Laylat al-Jumuʿah
This chapter of The Book of Hafsa explores the highly ritualized and deeply symbolic process of a concubine being formally presented to an Ottoman şehzade for the first time. Far removed from the fantasy versions often portrayed in modern media, these encounters were shaped by strict court ceremony, hierarchy, and dynastic politics.
On the blessed night of Jumuʿah, Hafsa is dressed in white and silver, colors associated with purity and union, and summoned before Şehzade Selim in a moment the entire harem immediately recognizes as significant. In Ottoman court culture, favor was never merely romantic. It carried status, visibility, danger, and political consequence.
What many people do not realize is that, traditionally, it was the duty of the Valide Sultan to select and present concubines to her son. This was not simply a maternal role, but an imperial responsibility. The women chosen were expected to become far more than companions. Any one of them could become the mother of a future şehzade, and perhaps even shape the empire itself. For this reason, the harem educated girls not only in beauty and etiquette, but in intelligence, discipline, diplomacy, religion, and courtly conduct. The Valide Sultan was obligated to present the most intelligent, astute, and competent of women to her son, not merely the most beautiful.
In many ways, this was the central function of the imperial harem: preparing elite women to eventually guide and establish their own son’s harems when they came of age. The fact that Selim encounters Hafsa by chance, becomes captivated by her, and summons her before the formal process had fully unfolded was unusual, though not unheard of. Especially within princely provincial courts, which operated with somewhat greater freedom than the far more rigid, and ceremonial imperial harem, of the Sultan in Constantinople.
Also, here we challenge simplistic assumptions about intimacy within the harem. Hafsa enters the night expecting cold duty and obligation, which, for many concubines, was likely the reality. The system itself was not designed to encourage emotional attachment, because these concubines had to leave with their sons to other parts of the Empire so they could rule there.
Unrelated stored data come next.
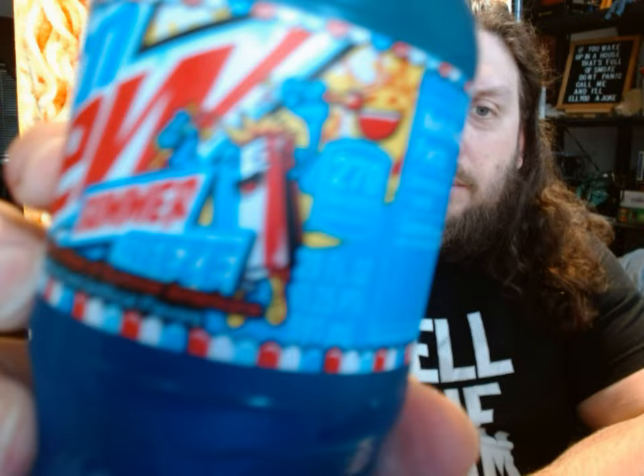I don't know if they had to use this twin pop shape because perhaps the bottle rocket shape is a trademarked shape — maybe. But when I think of red, white, and blue summer popsicles, I was thinking like the rocket pop, the bomb pop, not a red, white, and blue twin pop.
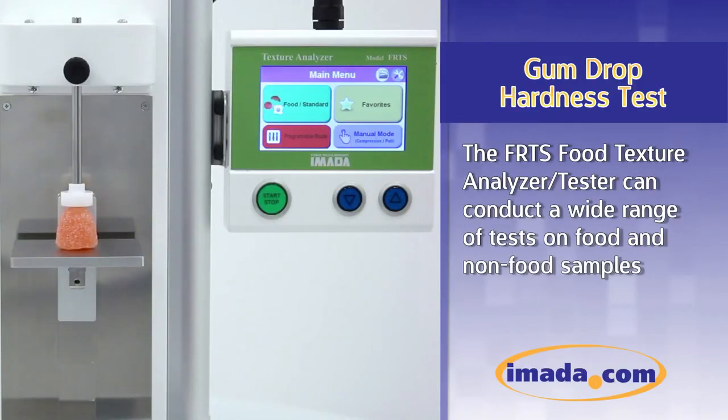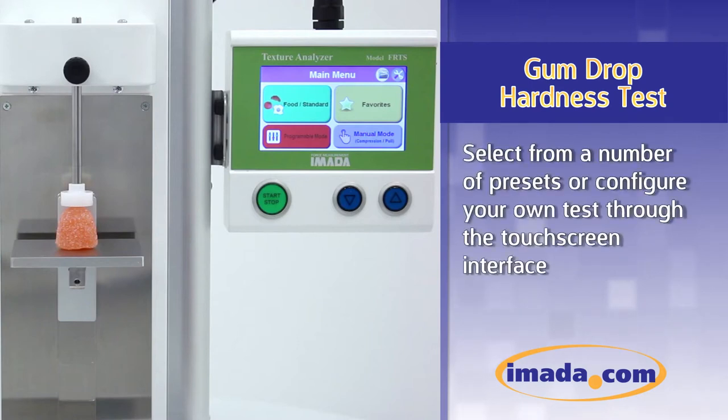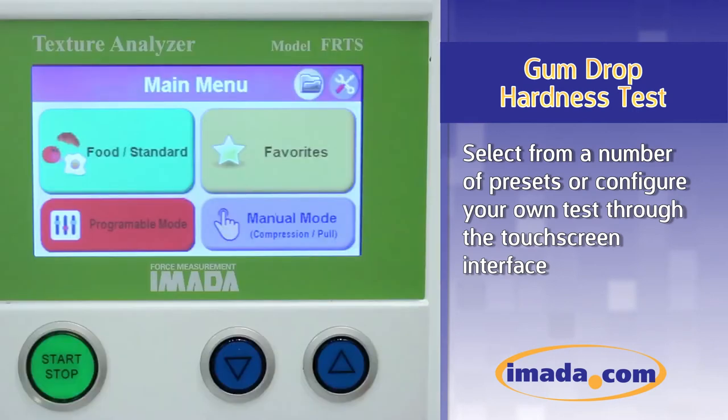The FRTS Food Texture Analyzer can conduct a wide range of tests on food and non-food samples. Select from a number of presets or configure your own test through the touchscreen interface.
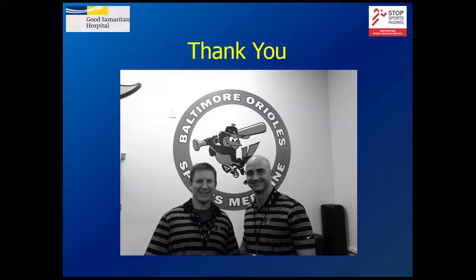I just wanted to say thanks. If you guys have any questions, I'm happy to answer.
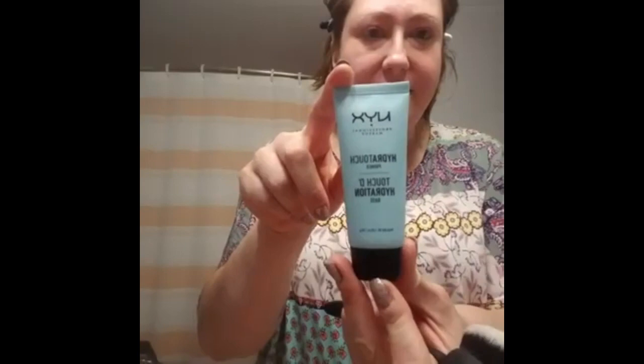I also used this amazing stuff called I Do Care Glow Key to brighten around my eyes and add a little extra moisture since I'm 38 and starting to get puffy and dry. And then I primed my face using the NYX Hydro Touch Primer — it's very lightweight and feels really nice on my skin, basically just an extra layer of hydration.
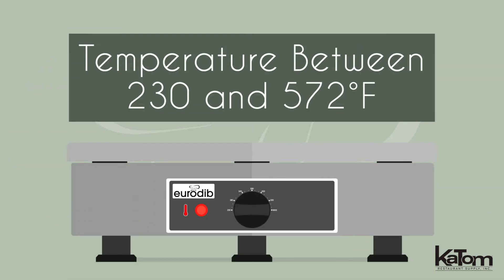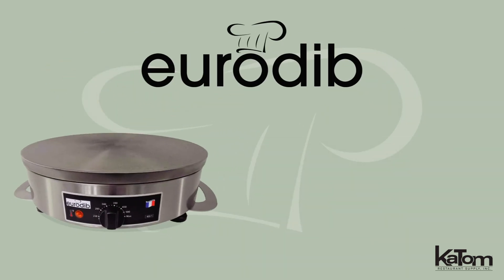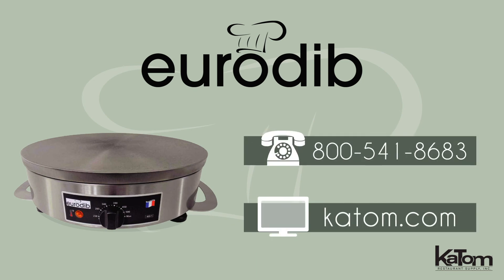Users can adjust the temperature between 230 and 572 degrees Fahrenheit, and a wooden spreader is included to craft perfect crepes every time. To add this Eurodib crepe maker to your operation, call today or visit katom.com.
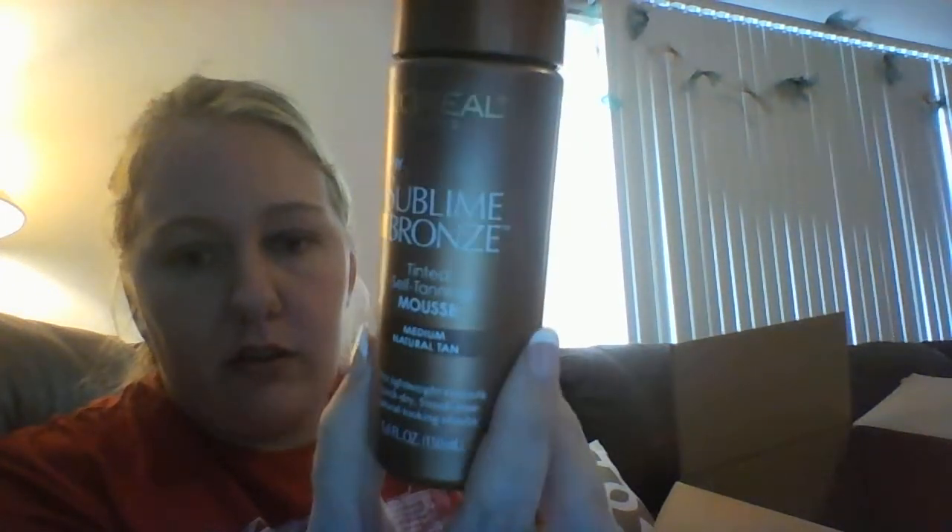I prefer recipe books over Pinterest because my phone likes to turn off and it's easier to look at a page. Next is the L'Oreal Sublime Bronze Mousse in Medium Natural Tan — it is 5 ounces and was $2. I don't see an expiration date, but they haven't given me anything expired yet.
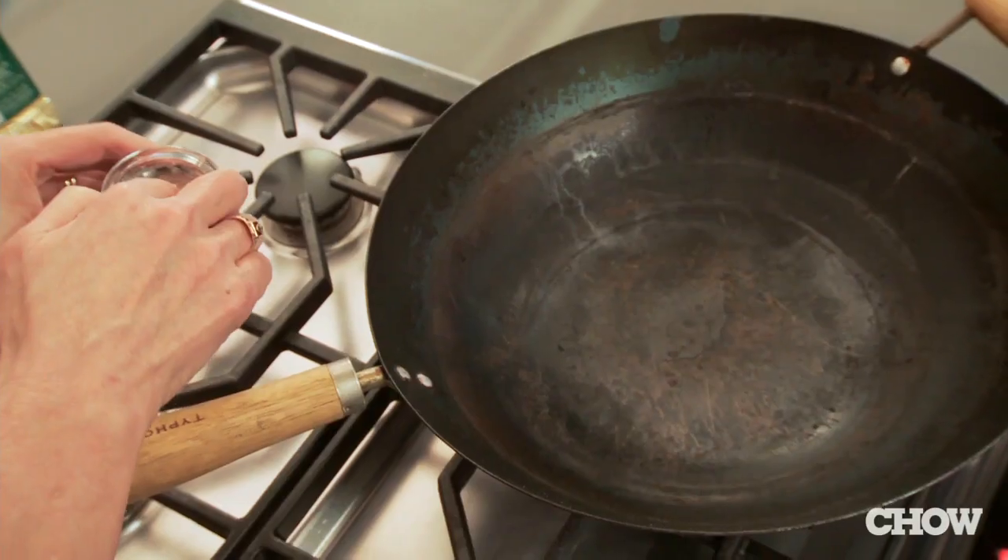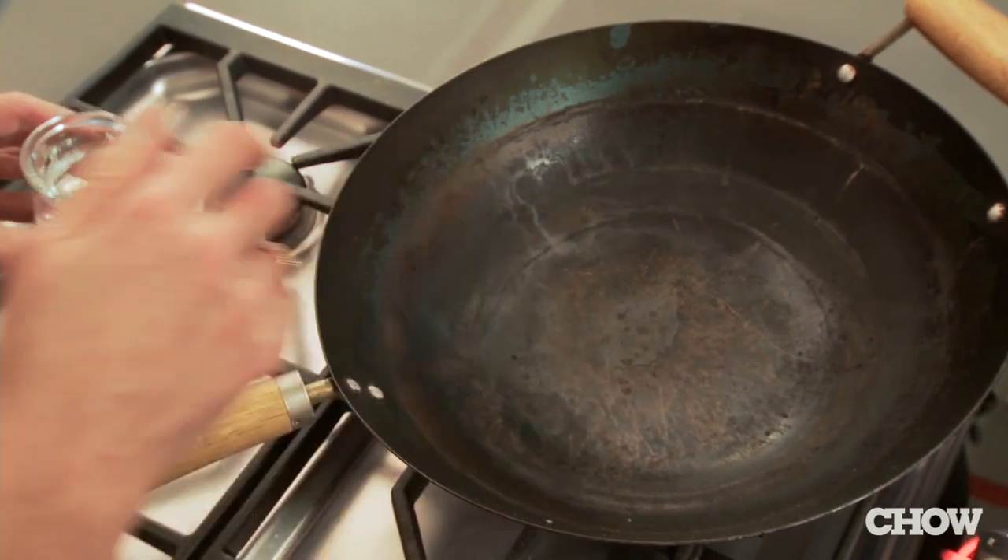If you've neglected your carbon steel wok for months or even years, you're likely to find rust, food debris, or even a sticky film on it. It's easy to clean it with my wok facial — just heat the wok over high heat until a drop of water evaporates within a second or two, then remove the wok from the heat.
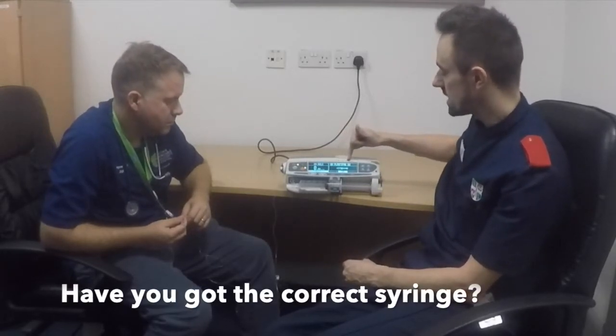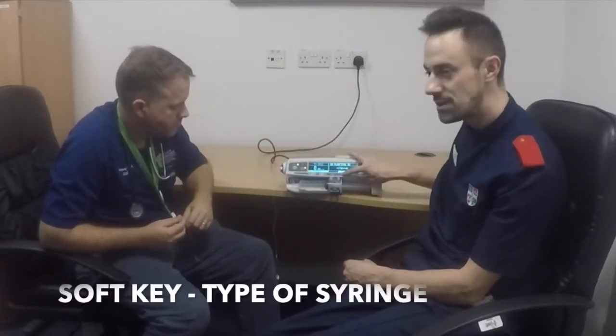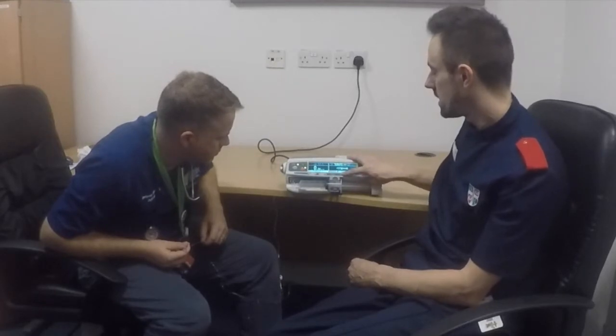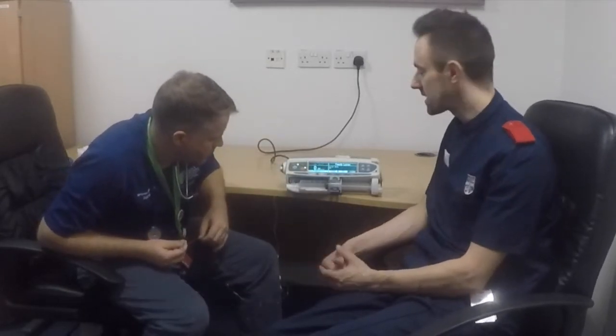The next thing it's asking is, have I got the right syringe? This is a BD plastic pack syringe, 50 mils — confirm that that is correct. If this wasn't correct, you can click on type and choose either a Terumo or a BD plastic pack. It's very important that you choose the correct manufacturer, as the diameters of these syringes do vary and that would alter your infusion rate.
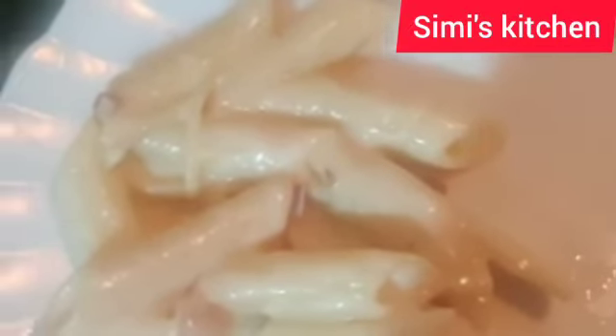capsicum, corn, or even chicken at the time of frying onions, but I have made it very simply. I hope you guys like it.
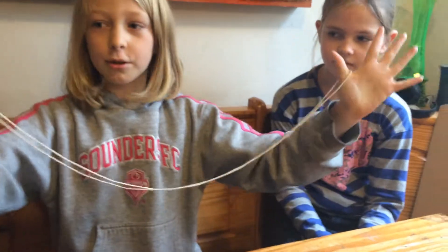So what you do is you take it on your two thumbs like that. Then you take one pinky and you go through so it looks like that. And you do the same on the other hand.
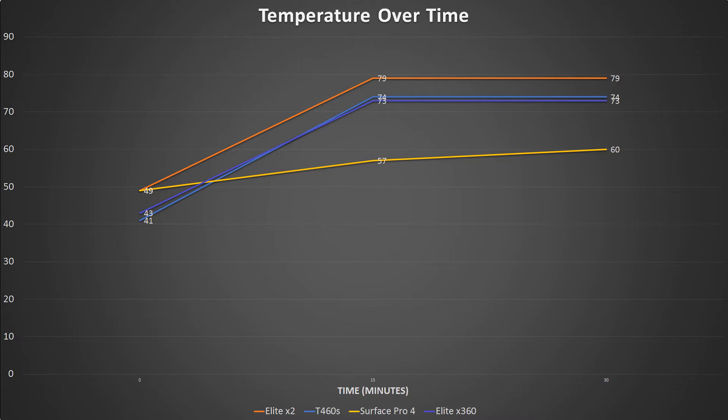This is where things get interesting, and where my theory about the Surface Pro's PCMark Work benchmark result comes into play. At 30 minutes of AIDA64 stress testing, we're at 79 on the X2, 74 on the T460S, and 73 on the X360. The Surface Pro is at just 60 degrees Celsius. It seems Microsoft has set up the Surface Pro to run as cool as it can, versus trying to stay within a safe limit and run as fast as it can — kind of an odd situation.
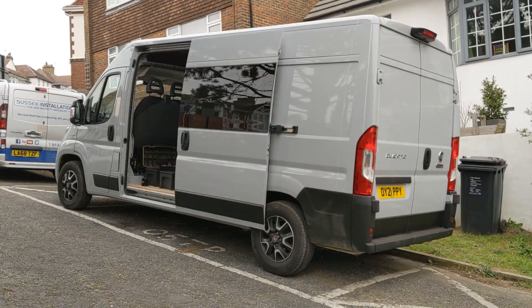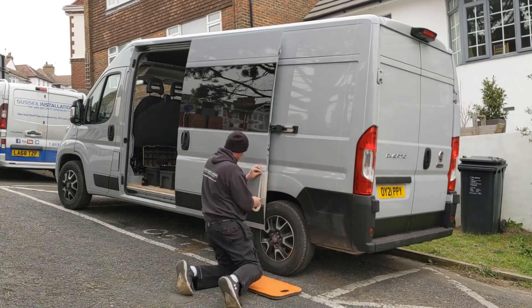Hats. It's a bit cold in our house right now and I'm having another bad hair day. I don't have hair, so... Alright, we've got the guys from Sussex Installations. They're going to come and deal with the van security.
So Hafsa and Selim developing this kind of connection and bond was not true for every every imperial consort.
Ultimately, the chapter asks readers to look beyond orientalist fantasy and consider the harem as it truly was: a political institution, a dynastic machine, a center of elite education, and, sometimes, a place where real human attachment emerged despite the system itself.
The Book of Hafsa is a historical fiction novel (by me) following the life of Hafsa Sultan, the consort of Selim I and the mother of Suleiman the Magnificent. Set during the rise of the Ottoman Empire, the story explores palace politics, dynastic paranoia, love, survival, and the hidden world of the imperial harem through Hafsa’s own eyes.